*PROBLEM STATEMENT*. Write out the full listing exactly as given, minus the images.

*DATA PROVIDED*.
------------------------------------------------------------------------
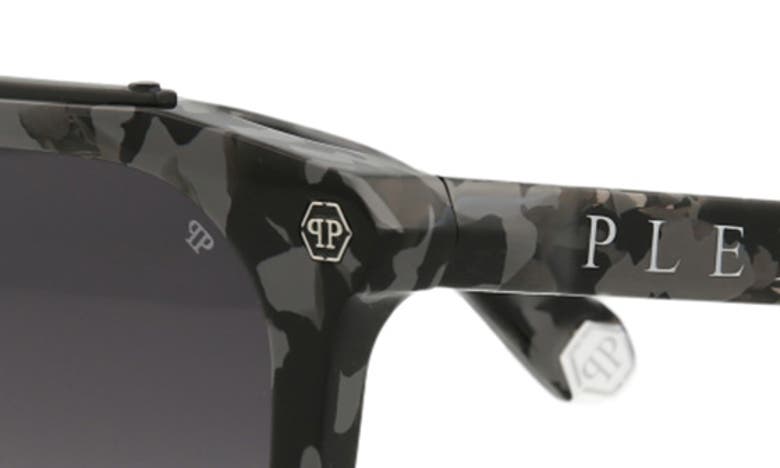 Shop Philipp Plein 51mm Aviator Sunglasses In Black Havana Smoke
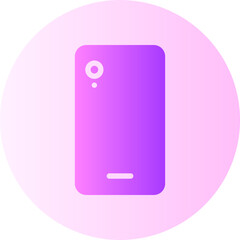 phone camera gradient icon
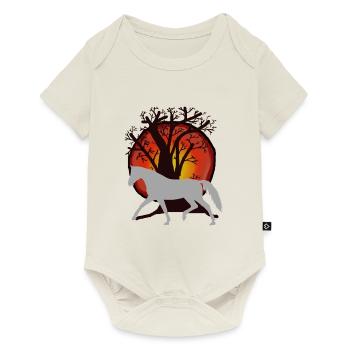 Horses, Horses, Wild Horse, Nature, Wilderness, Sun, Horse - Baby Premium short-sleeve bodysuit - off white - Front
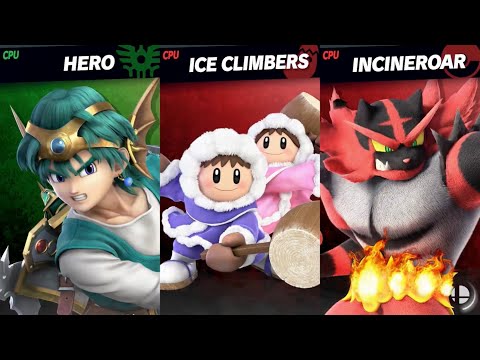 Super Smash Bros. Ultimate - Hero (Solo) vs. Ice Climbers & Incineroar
------------------------------------------------------------------------
*SOLUTION TO THE PROBLEM*.
 Shop Philipp Plein 51mm Aviator Sunglasses In Black Havana Smoke
 phone camera gradient icon
 Horses, Horses, Wild Horse, Nature, Wilderness, Sun, Horse - Baby Premium short-sleeve bodysuit - off white - Front
 Super Smash Bros. Ultimate - Hero (Solo) vs. Ice Climbers & Incineroar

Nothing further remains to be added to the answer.